→ WHAT IS EXPECTED: Everything from the line containing "Jumbo Seedless Medley" to the end of the listing, both included, should be returned exactly, apart from the pictures.

-------- DATA PROVIDED

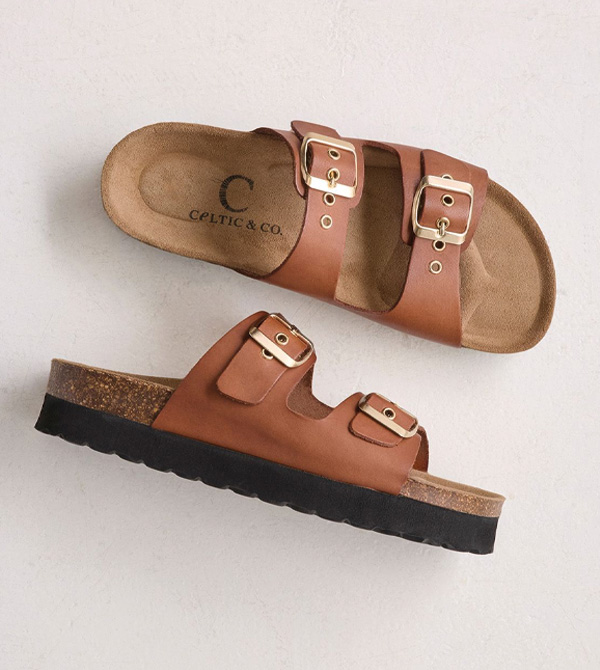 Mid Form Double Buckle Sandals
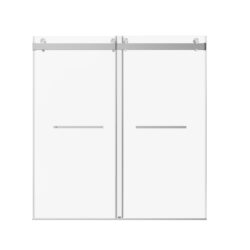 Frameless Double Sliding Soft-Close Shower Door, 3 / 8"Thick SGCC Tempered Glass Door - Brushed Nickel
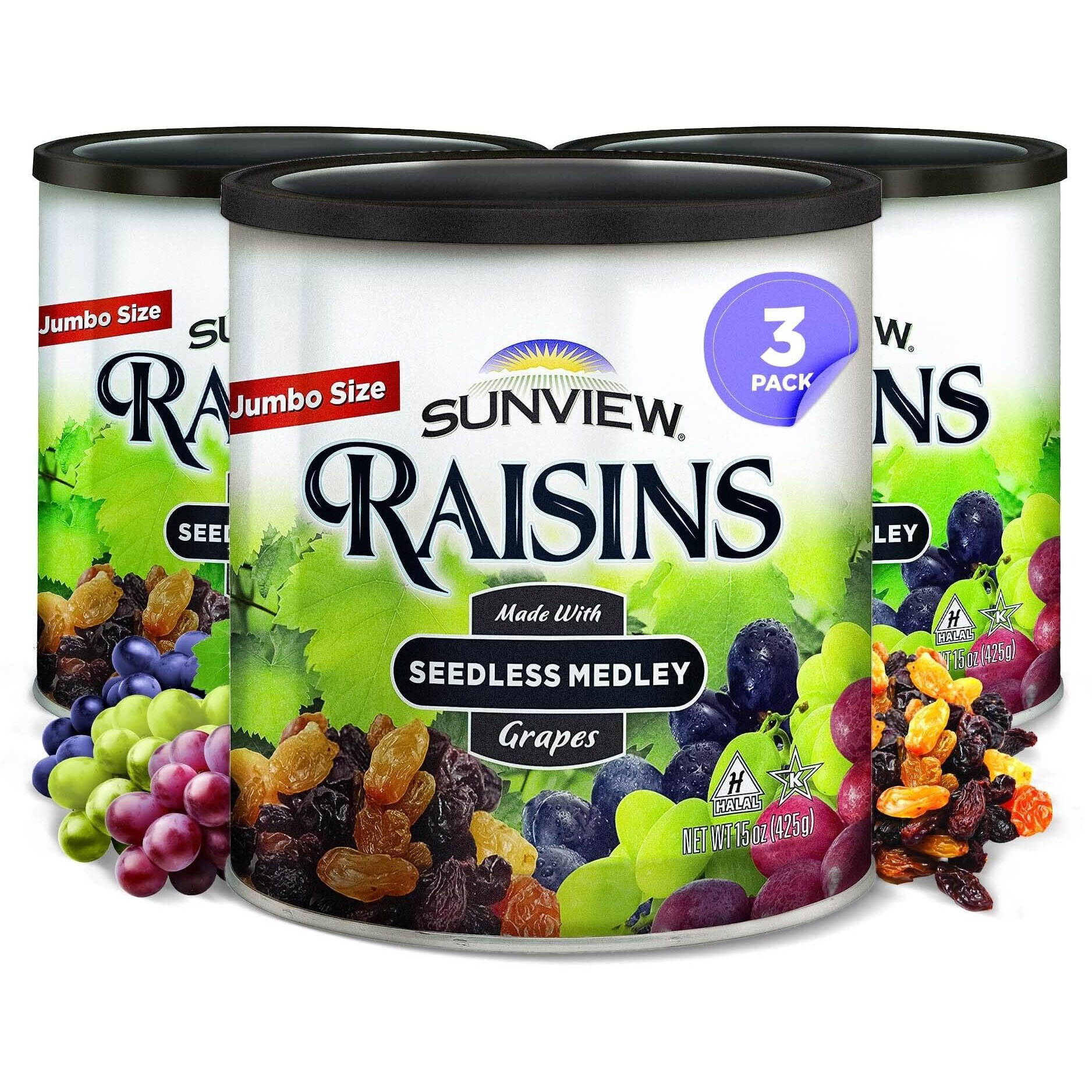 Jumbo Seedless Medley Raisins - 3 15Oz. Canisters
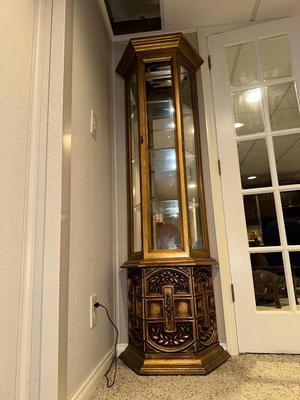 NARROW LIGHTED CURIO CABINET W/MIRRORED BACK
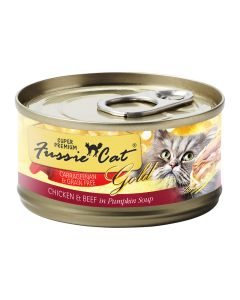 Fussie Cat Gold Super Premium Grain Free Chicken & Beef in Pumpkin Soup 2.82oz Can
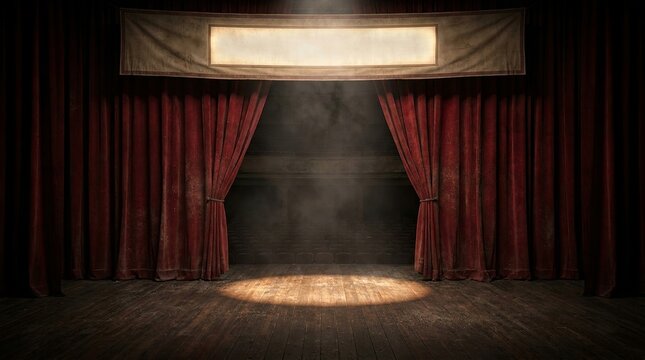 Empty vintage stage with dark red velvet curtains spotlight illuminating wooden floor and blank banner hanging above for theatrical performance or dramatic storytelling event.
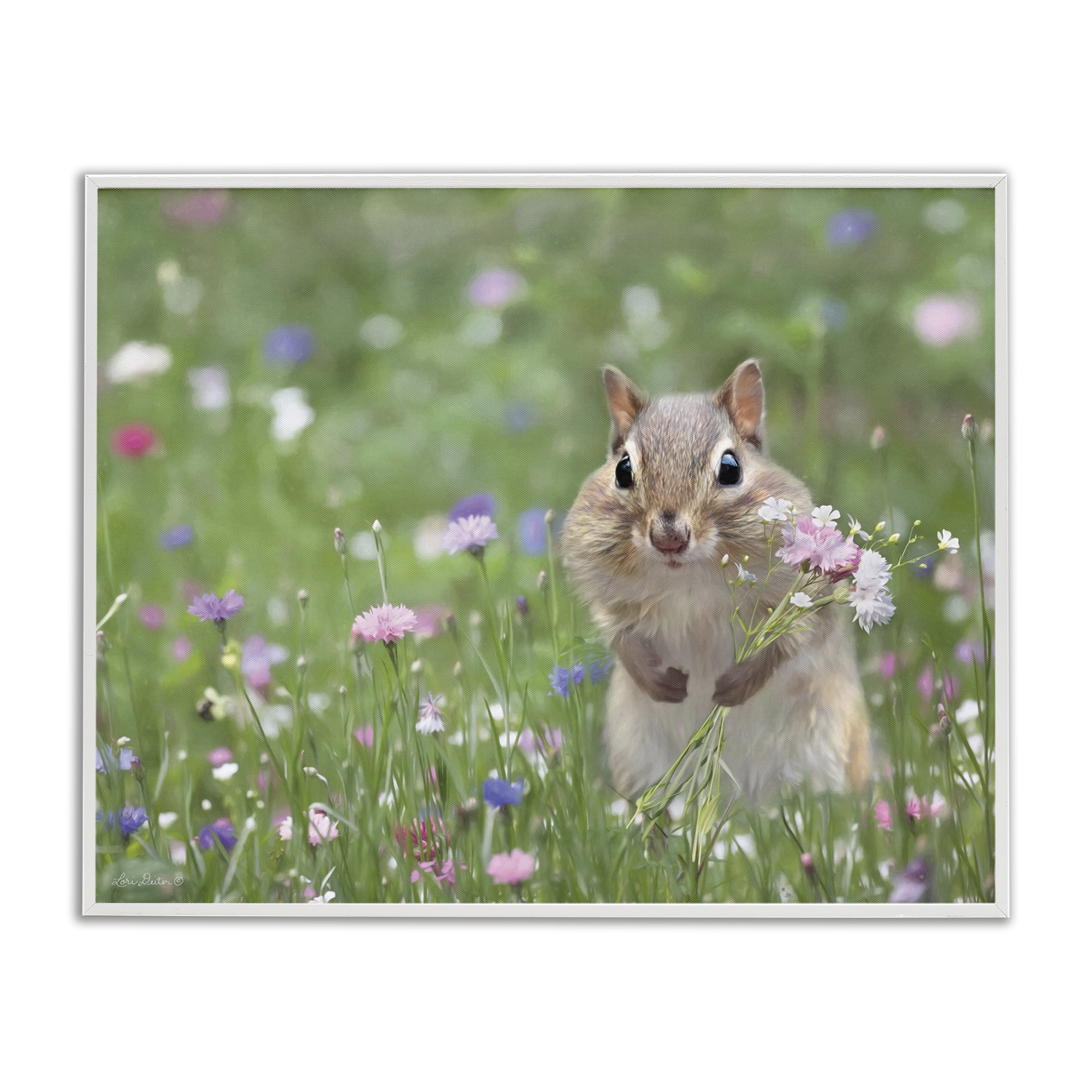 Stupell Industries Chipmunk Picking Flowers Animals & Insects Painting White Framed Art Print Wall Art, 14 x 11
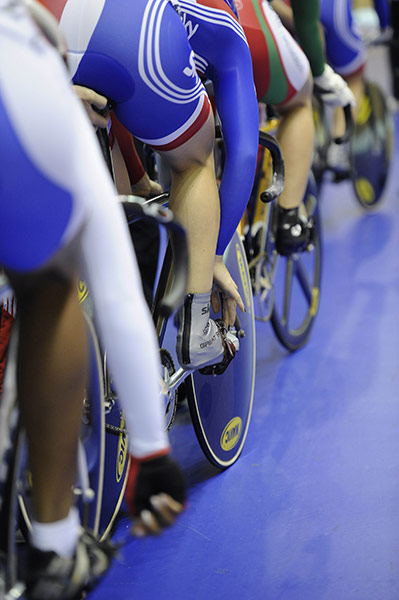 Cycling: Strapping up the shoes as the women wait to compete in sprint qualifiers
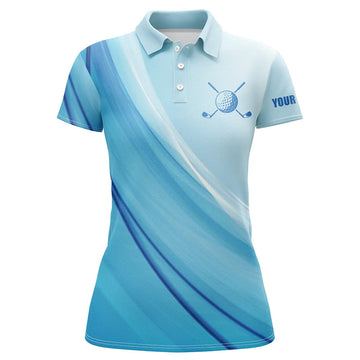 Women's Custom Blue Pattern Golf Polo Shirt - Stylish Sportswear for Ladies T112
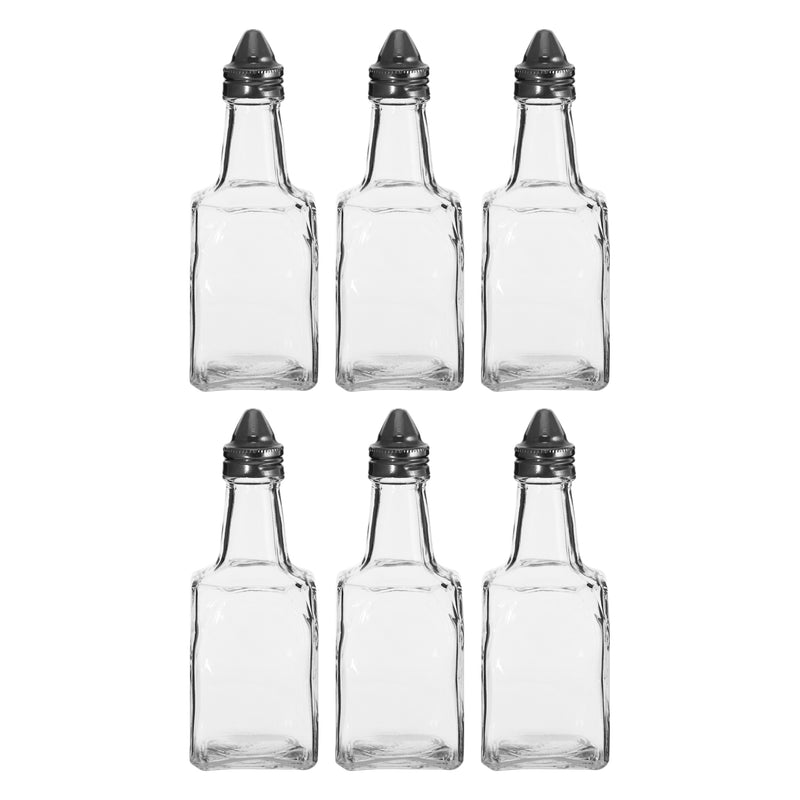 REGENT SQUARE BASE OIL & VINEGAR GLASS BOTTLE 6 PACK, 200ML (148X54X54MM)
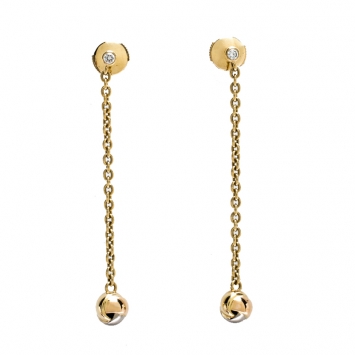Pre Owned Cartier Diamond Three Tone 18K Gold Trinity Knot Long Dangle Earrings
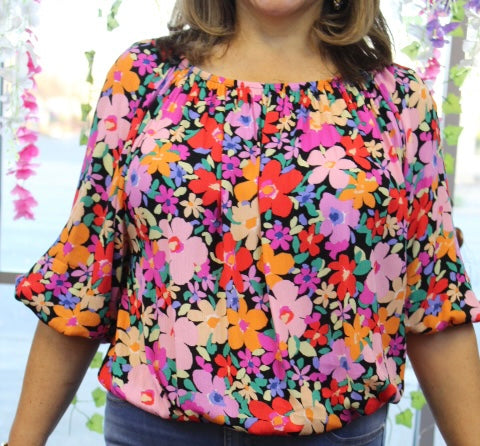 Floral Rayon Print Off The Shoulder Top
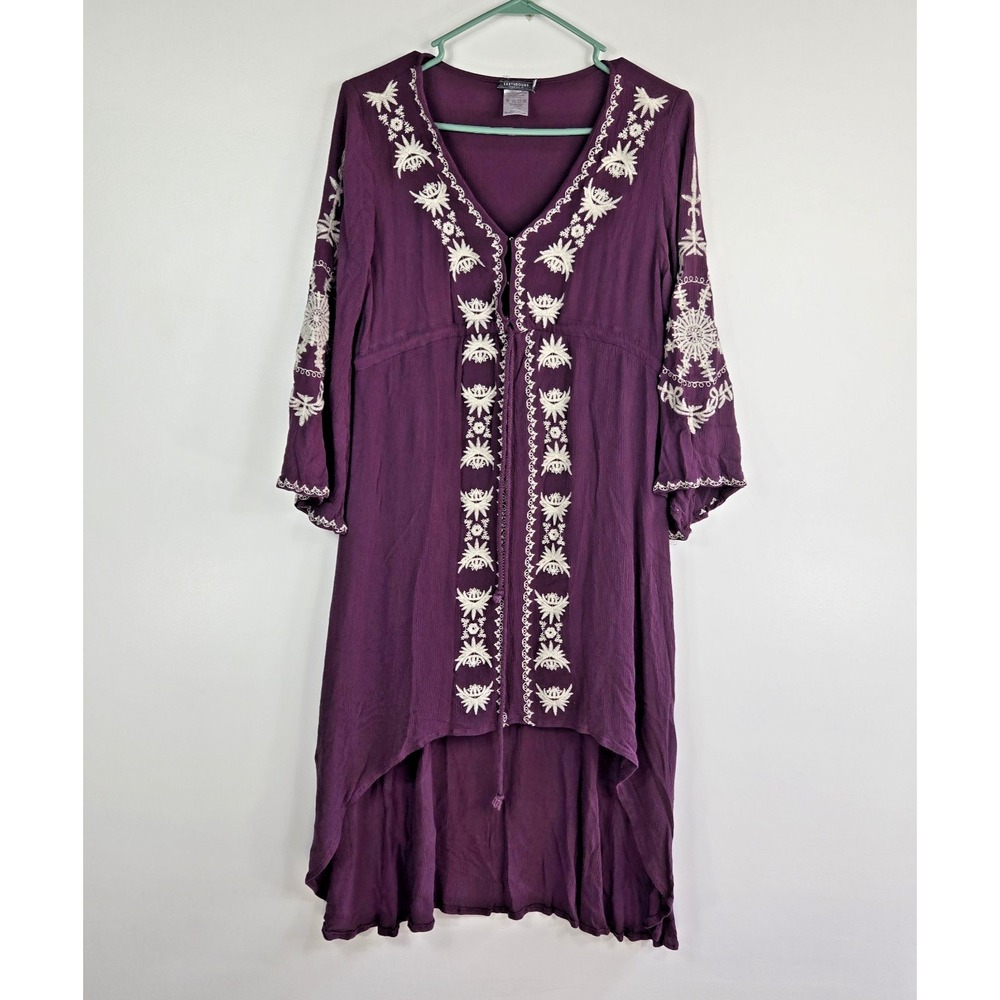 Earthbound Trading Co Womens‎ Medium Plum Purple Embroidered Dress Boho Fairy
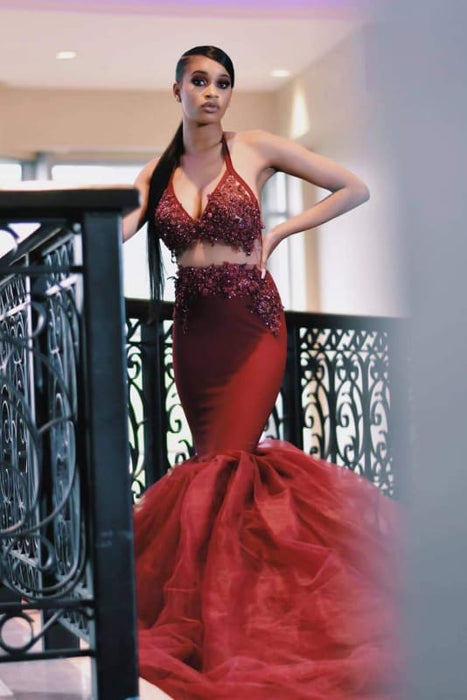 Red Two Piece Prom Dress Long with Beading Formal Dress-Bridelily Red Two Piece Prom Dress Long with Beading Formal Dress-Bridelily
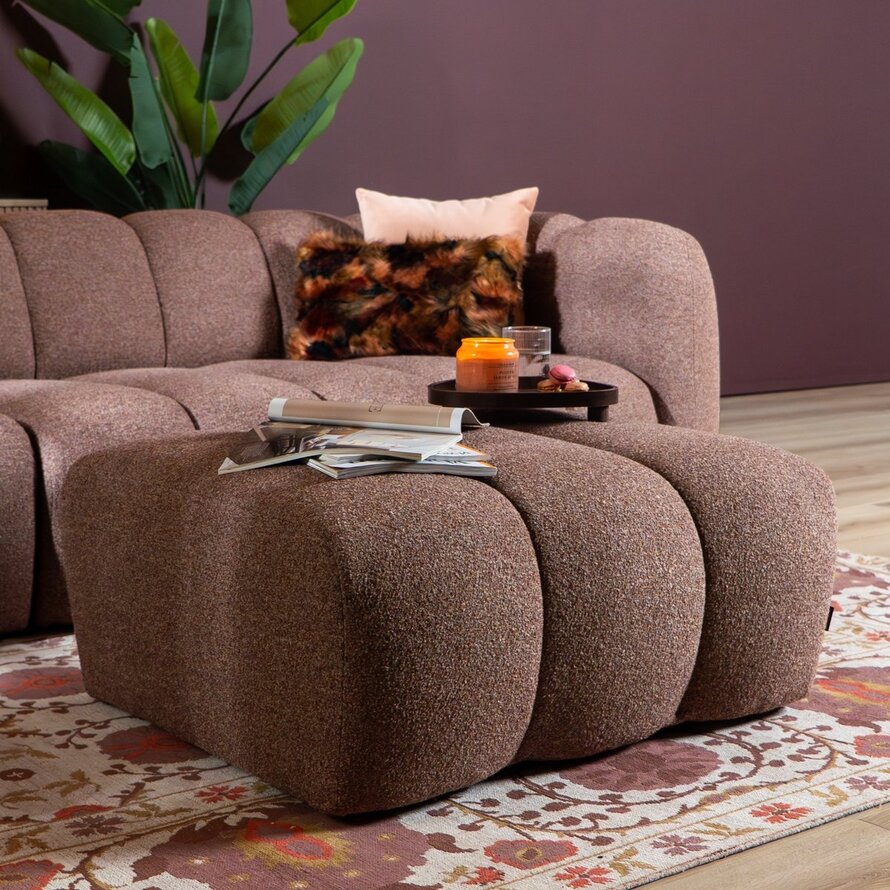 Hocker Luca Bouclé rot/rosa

----------------

→ ANSWER BOX:
 Jumbo Seedless Medley Raisins - 3 15Oz. Canisters
 NARROW LIGHTED CURIO CABINET W/MIRRORED BACK
 Fussie Cat Gold Super Premium Grain Free Chicken & Beef in Pumpkin Soup 2.82oz Can
 Empty vintage stage with dark red velvet curtains spotlight illuminating wooden floor and blank banner hanging above for theatrical performance or dramatic storytelling event.
 Stupell Industries Chipmunk Picking Flowers Animals & Insects Painting White Framed Art Print Wall Art, 14 x 11
 Cycling: Strapping up the shoes as the women wait to compete in sprint qualifiers
 Women's Custom Blue Pattern Golf Polo Shirt - Stylish Sportswear for Ladies T112
 REGENT SQUARE BASE OIL & VINEGAR GLASS BOTTLE 6 PACK, 200ML (148X54X54MM)
Pre Owned Cartier Diamond Three Tone 18K Gold Trinity Knot Long Dangle Earrings
 Floral Rayon Print Off The Shoulder Top
 Earthbound Trading Co Womens‎ Medium Plum Purple Embroidered Dress Boho Fairy
 Red Two Piece Prom Dress Long with Beading Formal Dress-Bridelily Red Two Piece Prom Dress Long with Beading Formal Dress-Bridelily
 Hocker Luca Bouclé rot/rosa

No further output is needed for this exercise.